The N+1 problem is a common performance issue in programming, especially when dealing with databases and object-relational mapping (ORM) frameworks. It occurs when an application makes one query to fetch a list of items (the “1”) and then makes an additional query for each item in the list (the “N”), resulting in many more database queries than necessary. This can severely impact performance, especially with large datasets.
Let me explain with an example:
Scenario:
Suppose you have a database of authors and their books:
Tables:
Authors
id | name |
---|---|
1 | Alice |
2 | Bob |
Books
id | title | author_id |
---|---|---|
1 | Book A | 1 |
2 | Book B | 1 |
3 | Book C | 2 |
Problematic Code Example (Using an ORM like Django or SQLAlchemy):
# Fetch all authors
authors = Author.objects.all() # Query 1
for author in authors:
# Fetch books for each author
books = author.books.all() # Query N (one per author)
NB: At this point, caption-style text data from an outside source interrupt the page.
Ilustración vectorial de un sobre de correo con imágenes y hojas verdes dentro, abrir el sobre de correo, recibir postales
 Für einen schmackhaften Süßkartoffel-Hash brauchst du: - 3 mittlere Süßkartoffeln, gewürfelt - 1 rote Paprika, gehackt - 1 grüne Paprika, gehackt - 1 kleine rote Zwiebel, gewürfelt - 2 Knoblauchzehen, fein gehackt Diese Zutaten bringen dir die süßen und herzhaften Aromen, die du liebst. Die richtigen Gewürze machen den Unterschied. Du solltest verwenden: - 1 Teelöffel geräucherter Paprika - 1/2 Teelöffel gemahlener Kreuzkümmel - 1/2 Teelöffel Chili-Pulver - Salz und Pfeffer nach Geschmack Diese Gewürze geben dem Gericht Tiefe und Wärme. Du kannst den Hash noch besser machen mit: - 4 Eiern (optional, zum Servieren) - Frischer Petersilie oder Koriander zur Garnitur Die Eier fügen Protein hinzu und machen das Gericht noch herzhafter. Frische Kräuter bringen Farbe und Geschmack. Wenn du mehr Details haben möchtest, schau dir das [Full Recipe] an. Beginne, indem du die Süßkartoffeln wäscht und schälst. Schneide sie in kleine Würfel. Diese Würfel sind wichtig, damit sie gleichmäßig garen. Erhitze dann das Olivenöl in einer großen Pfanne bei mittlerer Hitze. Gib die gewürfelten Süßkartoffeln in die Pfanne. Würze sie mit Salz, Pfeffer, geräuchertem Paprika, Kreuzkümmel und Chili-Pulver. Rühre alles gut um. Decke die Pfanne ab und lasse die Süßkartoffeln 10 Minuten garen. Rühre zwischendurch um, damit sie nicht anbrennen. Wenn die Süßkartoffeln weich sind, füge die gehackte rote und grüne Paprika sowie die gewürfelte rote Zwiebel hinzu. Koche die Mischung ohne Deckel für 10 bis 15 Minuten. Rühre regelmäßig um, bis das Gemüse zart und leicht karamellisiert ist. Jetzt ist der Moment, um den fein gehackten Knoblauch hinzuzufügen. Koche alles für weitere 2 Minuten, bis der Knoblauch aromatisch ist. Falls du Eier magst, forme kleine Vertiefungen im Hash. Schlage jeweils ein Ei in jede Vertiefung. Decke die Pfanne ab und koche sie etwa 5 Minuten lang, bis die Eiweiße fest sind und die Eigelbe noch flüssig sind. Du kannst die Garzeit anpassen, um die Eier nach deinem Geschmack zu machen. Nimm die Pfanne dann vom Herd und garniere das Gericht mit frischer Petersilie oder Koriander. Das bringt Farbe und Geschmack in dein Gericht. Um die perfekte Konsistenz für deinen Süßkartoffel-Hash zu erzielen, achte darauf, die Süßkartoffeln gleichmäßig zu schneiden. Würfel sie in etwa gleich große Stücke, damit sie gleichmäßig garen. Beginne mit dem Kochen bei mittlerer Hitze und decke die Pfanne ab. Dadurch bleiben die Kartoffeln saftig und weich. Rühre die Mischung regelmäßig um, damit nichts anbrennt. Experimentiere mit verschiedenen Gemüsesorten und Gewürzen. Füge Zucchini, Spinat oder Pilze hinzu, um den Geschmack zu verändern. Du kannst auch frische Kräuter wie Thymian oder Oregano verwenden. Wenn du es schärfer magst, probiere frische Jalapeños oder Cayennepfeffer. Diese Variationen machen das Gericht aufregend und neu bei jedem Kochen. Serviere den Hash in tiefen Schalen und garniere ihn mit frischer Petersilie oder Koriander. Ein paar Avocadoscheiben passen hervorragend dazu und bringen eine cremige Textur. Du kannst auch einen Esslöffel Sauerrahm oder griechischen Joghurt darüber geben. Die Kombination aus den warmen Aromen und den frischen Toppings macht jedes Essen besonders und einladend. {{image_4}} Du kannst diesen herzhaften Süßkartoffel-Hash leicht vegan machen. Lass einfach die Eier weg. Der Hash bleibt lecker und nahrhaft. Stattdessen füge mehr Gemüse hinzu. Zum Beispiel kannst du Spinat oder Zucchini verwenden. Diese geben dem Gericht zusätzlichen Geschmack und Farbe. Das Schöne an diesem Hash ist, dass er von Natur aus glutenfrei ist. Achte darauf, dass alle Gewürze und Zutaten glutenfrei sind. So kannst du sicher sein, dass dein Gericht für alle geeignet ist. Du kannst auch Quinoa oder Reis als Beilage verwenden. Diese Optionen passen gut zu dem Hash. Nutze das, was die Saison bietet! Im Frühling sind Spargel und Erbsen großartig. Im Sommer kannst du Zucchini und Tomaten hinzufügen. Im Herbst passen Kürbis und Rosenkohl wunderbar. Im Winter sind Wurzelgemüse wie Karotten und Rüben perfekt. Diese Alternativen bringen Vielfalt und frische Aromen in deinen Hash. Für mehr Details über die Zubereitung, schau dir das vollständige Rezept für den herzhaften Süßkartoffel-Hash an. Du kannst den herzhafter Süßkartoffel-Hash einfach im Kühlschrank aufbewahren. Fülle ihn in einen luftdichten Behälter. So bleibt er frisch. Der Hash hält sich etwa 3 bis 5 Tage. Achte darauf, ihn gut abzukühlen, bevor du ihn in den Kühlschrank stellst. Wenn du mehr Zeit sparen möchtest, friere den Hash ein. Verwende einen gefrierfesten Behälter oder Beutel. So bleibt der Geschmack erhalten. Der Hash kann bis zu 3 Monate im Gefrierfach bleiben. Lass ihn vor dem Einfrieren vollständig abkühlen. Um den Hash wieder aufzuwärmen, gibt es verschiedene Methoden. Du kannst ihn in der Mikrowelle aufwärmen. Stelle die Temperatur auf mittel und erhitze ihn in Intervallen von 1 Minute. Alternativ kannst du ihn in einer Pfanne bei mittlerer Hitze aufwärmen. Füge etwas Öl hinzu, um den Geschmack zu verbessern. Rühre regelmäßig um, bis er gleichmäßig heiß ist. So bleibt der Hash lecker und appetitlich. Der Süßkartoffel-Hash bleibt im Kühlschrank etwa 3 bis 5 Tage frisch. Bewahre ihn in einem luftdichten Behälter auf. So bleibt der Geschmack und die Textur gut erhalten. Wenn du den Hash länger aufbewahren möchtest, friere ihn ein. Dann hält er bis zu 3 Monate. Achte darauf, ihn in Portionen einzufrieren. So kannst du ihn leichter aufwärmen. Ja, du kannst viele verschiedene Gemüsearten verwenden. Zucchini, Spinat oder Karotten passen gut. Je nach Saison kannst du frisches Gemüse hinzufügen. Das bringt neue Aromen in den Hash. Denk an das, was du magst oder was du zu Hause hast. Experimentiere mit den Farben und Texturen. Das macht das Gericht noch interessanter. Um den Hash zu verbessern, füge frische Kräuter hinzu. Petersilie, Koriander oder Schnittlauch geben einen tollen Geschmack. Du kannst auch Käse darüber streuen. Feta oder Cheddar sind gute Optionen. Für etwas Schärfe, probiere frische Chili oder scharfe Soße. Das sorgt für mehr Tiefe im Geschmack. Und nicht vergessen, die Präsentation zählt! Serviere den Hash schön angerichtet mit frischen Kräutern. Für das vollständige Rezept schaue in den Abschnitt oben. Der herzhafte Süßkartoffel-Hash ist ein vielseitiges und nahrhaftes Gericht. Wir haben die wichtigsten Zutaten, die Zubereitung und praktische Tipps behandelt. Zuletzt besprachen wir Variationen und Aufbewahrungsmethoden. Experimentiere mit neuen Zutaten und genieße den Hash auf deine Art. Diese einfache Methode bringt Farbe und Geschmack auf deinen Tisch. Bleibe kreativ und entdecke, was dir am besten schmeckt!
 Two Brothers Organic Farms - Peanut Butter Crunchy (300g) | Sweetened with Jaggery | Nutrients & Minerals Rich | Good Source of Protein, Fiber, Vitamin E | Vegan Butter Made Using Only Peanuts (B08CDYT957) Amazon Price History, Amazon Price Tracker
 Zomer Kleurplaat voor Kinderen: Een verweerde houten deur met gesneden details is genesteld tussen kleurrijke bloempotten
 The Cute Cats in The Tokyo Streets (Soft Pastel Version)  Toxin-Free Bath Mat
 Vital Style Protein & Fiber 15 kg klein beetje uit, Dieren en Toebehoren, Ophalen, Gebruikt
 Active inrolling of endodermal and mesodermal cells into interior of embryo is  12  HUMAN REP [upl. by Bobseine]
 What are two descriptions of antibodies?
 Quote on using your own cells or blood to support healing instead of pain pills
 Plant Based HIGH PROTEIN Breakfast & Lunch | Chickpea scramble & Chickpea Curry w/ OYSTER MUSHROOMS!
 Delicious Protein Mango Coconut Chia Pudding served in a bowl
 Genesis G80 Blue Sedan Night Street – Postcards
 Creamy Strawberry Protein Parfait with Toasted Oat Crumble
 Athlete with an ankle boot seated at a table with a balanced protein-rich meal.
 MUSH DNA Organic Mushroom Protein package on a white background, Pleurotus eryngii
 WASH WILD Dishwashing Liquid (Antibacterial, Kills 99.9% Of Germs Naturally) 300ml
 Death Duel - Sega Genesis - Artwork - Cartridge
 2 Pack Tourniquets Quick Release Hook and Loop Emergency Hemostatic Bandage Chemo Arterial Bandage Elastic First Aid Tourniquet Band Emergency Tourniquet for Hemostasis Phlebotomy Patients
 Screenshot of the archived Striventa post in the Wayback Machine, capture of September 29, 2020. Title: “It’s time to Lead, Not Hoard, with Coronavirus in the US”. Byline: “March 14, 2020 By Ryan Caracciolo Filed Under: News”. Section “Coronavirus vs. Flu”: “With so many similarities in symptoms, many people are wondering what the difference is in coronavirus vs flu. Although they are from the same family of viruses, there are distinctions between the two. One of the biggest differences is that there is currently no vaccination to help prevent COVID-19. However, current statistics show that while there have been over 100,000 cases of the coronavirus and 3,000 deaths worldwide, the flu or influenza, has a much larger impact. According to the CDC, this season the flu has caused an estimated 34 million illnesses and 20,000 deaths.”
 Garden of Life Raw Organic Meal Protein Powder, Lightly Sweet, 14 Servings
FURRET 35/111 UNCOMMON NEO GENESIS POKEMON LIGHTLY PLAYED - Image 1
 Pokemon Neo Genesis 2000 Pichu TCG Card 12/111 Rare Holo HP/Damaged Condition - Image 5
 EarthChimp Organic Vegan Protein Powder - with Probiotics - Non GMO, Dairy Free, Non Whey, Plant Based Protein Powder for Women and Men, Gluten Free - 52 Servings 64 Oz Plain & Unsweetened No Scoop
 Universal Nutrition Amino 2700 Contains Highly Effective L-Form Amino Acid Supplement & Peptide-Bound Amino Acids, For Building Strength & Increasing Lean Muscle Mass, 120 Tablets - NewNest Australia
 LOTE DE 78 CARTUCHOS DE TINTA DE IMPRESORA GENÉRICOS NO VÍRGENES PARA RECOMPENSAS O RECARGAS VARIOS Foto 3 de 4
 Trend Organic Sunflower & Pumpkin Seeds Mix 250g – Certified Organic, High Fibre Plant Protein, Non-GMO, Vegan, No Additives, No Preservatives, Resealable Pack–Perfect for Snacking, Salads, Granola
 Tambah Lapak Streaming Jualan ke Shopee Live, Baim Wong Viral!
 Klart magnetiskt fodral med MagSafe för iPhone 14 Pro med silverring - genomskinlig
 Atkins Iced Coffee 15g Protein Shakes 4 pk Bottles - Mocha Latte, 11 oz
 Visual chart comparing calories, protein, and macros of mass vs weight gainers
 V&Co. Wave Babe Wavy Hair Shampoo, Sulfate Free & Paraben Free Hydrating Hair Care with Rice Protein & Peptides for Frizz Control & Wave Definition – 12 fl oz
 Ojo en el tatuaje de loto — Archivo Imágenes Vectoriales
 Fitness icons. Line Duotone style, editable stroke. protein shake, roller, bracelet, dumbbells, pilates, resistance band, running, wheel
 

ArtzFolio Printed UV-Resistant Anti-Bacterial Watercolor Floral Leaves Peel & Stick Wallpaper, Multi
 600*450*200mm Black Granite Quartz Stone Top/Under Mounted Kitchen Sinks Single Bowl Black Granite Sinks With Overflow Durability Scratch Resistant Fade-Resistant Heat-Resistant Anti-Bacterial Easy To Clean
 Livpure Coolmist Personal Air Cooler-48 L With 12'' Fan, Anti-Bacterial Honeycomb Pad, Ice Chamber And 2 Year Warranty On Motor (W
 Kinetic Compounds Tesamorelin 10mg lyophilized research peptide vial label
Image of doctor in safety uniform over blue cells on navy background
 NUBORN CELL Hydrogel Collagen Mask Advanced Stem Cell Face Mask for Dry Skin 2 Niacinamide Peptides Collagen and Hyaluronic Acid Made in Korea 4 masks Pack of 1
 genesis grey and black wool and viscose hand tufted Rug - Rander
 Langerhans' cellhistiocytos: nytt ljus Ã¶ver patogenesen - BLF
print(author.name, [book.title for book in books])
What happens in the database:
- Query to fetch all authors:
SELECT * FROM authors;
- Then, for each author, a separate query to fetch books:
SELECT * FROM books WHERE author_id = 1;
SELECT * FROM books WHERE author_id = 2;
- If there are 100 authors, this will result in 1 + 100 = 101 queries, which is very inefficient.
Solution: Use eager loading / join fetch
Most ORMs provide a way to fetch related data in one query. For example, in Django:
authors = Author.objects.prefetch_related('books') # One query for authors + one query for all books
for author in authors:
print(author.name, [book.title for book in author.books.all()])
- Now the database queries are reduced to 2 queries, no matter how many authors exist.
✅ Key takeaway:
The N+1 problem happens when your code fetches a list of objects, then lazily fetches related objects for each item, causing a large number of queries. Use joins or prefetching to reduce queries and improve performance.